Regular Expressions

CS390, Spring 2024

Last modified: Jan 3, 2023
Contents:

Abstract

In the prior module, we introduced finite automata as a simple mathematical model of computation. FAs work as language recognizers, allowing us to determine if a given input string belonged to a certain language.

In this module, we focus on the set of languages that can be recognized by FAs. These regular languages are defined via the notation of regular expressions, with which you are probably already familiar.

These lecture notes are intended to be read in concert with Chapter 3 of the text.

1 Regular Languages and Regular Expressions

Remember that a language is a set of strings. We can therefore “operate” on languages using conventional set operators.

We will be exploring a particular set of languages (that is, sets of sets of strings) in this module, the regular languages.

Definition Regular languages over an Alphabet $\Sigma$

If $\Sigma$ is an alphabet, the set $\cal R$ of regular languages over $\Sigma$ is defined as follows.

  1. The language $\emptyset$ is an element of $\cal R$.
  2. The language $\{\epsilon\}$ is an element of $\cal R$.
  3. For every $a \in \Sigma$, the language $\{a\}$ is in $\cal R$.
  4. For any two languages $L_1$ and $L_2$ in $\cal R$, the three languages
    1. $L_1 \cup L_2$,
    2. $L_1 L_2$, and
    3. $L_1^*$ are elements of $\cal R$.

From this definition, we can introduce a notation for each of the cases above to allow a compact description of a regular language. This notation will be called regular expressions. You should be familiar with regular expressions as used in a variety of programming contexts. In this course, we will be using a small subset of the richer set of operators that you would want in “practical” r.e. languages:

Regular Language operation Regular Expression
$\emptyset$ empty set $\emptyset$
$\{\epsilon\}$ empty string $\epsilon$
$\{\ldots\}$ set of… no corresponding notation, use an equivalent expression instead
$L_1 L_2$ concatenation $r_1 r_2$
$L^*$ Kleene closure $r^*$
$L_1 \cup L_2$ union $r_1 + r_2$

There’s really very little difference between the language operations and the regular expressions except for avoiding the use of set brackets and using the plus sign for unions.

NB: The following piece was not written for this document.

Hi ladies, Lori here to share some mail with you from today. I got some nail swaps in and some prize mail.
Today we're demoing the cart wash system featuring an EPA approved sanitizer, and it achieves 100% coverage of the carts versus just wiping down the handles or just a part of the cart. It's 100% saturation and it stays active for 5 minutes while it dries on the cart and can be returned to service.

That similarity is good, because it leaves us confident that the regular expressions do, indeed, capture the set of regular languages that we have said we are interested in.

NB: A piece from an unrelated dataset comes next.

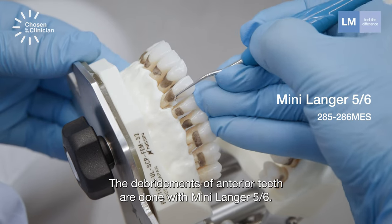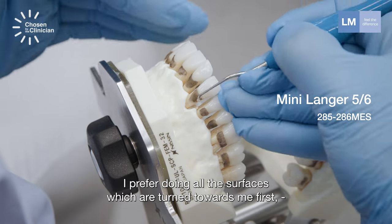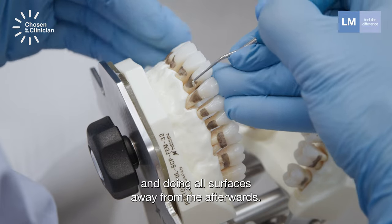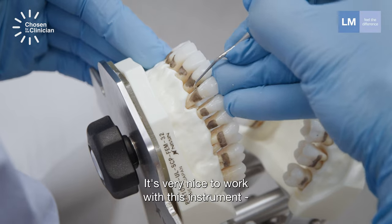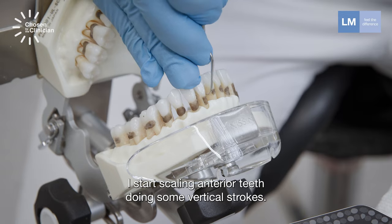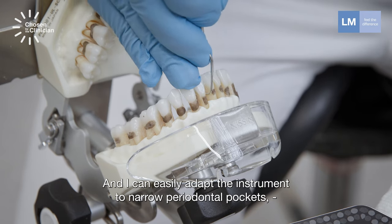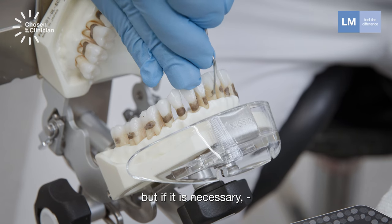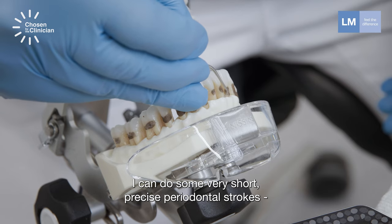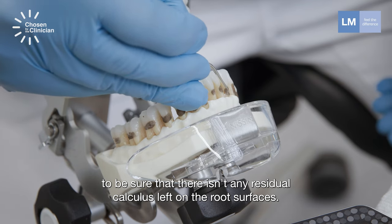The debridement of anterior teeth is done with Mini Langa 5-6. I prefer doing all the surfaces turned toward me first, and then flipping the instrument and doing all surfaces away from me afterwards. It's very nice to work with this instrument in deep and narrow periodontal pockets. I start scaling anterior teeth doing some vertical strokes, and I can easily adapt the instrument to narrow periodontal pockets. If necessary, I can do some very short, precise horizontal strokes to be sure there is no residual calculus left on the root surfaces.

The plus sign is also the biggest deviation from programming-style regular expression notations, where the vertical bar | generally denotes unions and the plus is actually a unary operator denoting “one or more repetitions”, as opposed to the “Kleene star” (*) that denotes “zero or more repetitions.”

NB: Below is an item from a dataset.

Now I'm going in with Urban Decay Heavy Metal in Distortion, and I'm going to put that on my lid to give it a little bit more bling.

So, overall, the equivalence between regular languages and regular expressions does seem to hold up.

A note about the precedence of the operators in regular expressions:

2 Applications of Regular Expressions

2.1 Text Utilities

As mentioned earlier, regular expressions (with an expanded set of operators) have long been featured in text processing utilities, particularly in Unix-based operating systems, which, when you get right down to it, is “everything but Windows”, since Linux, Android, OS/X, & IOS are all derived from Unix. You may remember grep and sed from CS252 as two of the more obvious uses of this. Many text editors also support regular expression modes for searching and replacement of text.

Given that these tend to feature an expanded set of operators, you might legitimately question whether these notations are “really” still regular expressions in the sense we have defined them here.

For the most part, you can argue that the new operators are a matter of convenience and can be defined in terms of our more basic operators. For example, the use of + to mean one or more repetitions can be argued away by noting that, for any regular expression r, we can rewrite (r)+ as r(r)*. The latter is perfectly in accord with our basic definition. But if r were long or complicated, the new plus notation might reduce the amount we need to type and reduce the chances of our making a mistake along the way.

Similarly, we can explain away common features like the square bracket notation for grouping characters as a special case of union, and most special symbols like the \s for a whitespace character also as a special case of unions.

There are a few questionable extensions.The ability, for example, to refer back to a string that was matched by a parenthesized sub-expression is decidedly non-regular in search strings, but most programs that allow this extension will use it only in replacement strings during search-and-replace operations.

2.2 Programming Language APIs

At one time, part of the popularity of scripting languages like Perl was their built-in ability to use regular expressions in string handling. As one scripting language after another included regular expression handling, it seemed for a while that one of the defining charactersitics of a “scripting language” as opposed to a “full” or ’production" programming language, was whether or not they included regular expression handling.

Over time, however, the designers of production programmign languages have come to embrace regular expressions. Java introduced them into its 1.4 API as the Pattern class in 2002. Regular expressions were added to C++ as part of the C++11 standard, after having been available for public trial in the Boost libraries for several years.

2.3 Lexical Analysis in Compilers

Soon, we’ll begin looking at grammars, which among other things form the basis for programming language compilation.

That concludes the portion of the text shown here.